Stack Overflow: Badge Analysis Over Time

The 87/18 Rule Applied to Stack Overflow Badges as Awarded Over the Past Nine Months

Another day, and another Stack Overflow database dump XML to play with.  Some quick statistics from the badges.xml file:

  • 62 distinct badges
  • 239,005 user badges awarded
  • 49,261 users have received at least one badge
  • The Top 11 badges (of 62, making 18% of distinct badges) make up 87% of badges awarded
    • Teacher (13.1% of all badges awarded)
    • Student (12.4%)
    • Supporter (10.6%)
    • Scholar (10.1%)
    • Editor (9.8%)
    • Nice Answer (9.6%)
    • Autobiographer (5.3%)
    • Critic (4.8%)
    • Commentator (4.1%)
    • Popular Question (3.6%)
    • Organizer (3.2%)

Sorta interesting, but it is worth noting that most of these are handed out like parking tickets in Venice Beach. (Easy badges in italics.)  What was more interesting was the anomalies that only become visible when graphed over time.  This graph is of the top eleven badges over time awarded as a percentage of the same top eleven.  This is better as showing relative increases or decreases in badge awarding events.

Larger Image

A few things caught my eye:

  • Beta Days: Things are pretty erratic in the beta days, but that is to be expected with a significantly smaller user base who were actively trying features out as they come online.
  • Days Long Outage: There is a days-long gap in the data in mid-April.  No badges were handed out for about four or five days, but they were eventually awarded when the problem was fixed.  I did not see a mention of any failures on  blog.stackoverflow.com, so the cause of this outage is a mystery to me.
  • Drastic drop new Organizer badges: Once the outage was resolved, the relative amount of Organizer badges drops permanently by two-thirds!  Clearly an Illuminati conspiracy to keep us SOpedians down.
    • ~28 Organizer badges are awarded per day for the three weeks prior to the outage
    • ~8 Organizer badges are awarded per day for the following three weeks

    (UPDATE: Geoff Dalgas , a coder at Stack Overflow, posts on The (unofficial) StackOverflow meta-Discussion Forum that the reason for this behavior is due to a database refactoring that allowed them to distinguish between Question edits and tag edits.)

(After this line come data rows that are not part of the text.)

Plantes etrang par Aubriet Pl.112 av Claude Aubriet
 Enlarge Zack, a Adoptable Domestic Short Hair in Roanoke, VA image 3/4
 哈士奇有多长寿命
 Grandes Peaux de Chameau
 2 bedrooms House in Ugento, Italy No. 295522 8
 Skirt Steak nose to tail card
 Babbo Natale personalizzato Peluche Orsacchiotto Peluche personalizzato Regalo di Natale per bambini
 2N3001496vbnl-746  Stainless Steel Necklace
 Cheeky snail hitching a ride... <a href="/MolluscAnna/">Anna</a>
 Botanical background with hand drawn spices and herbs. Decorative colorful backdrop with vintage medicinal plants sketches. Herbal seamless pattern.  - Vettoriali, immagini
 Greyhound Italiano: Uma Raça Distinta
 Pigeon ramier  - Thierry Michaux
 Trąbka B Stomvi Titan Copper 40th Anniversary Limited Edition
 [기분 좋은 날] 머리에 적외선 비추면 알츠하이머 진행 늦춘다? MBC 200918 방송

  • Number of Popular Questions badges awarded daily grows over time: It starts out at near zero, and grows over time to be a considerable fraction of the total.  I guess this is to be expected as questions pick up more and more views over time.
  • No Popular Question badges awarded for 27 May:And, unlike the above outage, they do not seem to have been awarded retroactively.  There the missing badges show in both the absolute graph (not shown, trust me) and the relative graph (close up below.)

    (UPDATE: I asked about this anomaly on the new Meta Stack Overflow site (No Popular Question badges awarded for 27 May? ), and it apparently (to be confirmed) the systems view counter was down that day…so not questions incremented over the threshold for a badge.)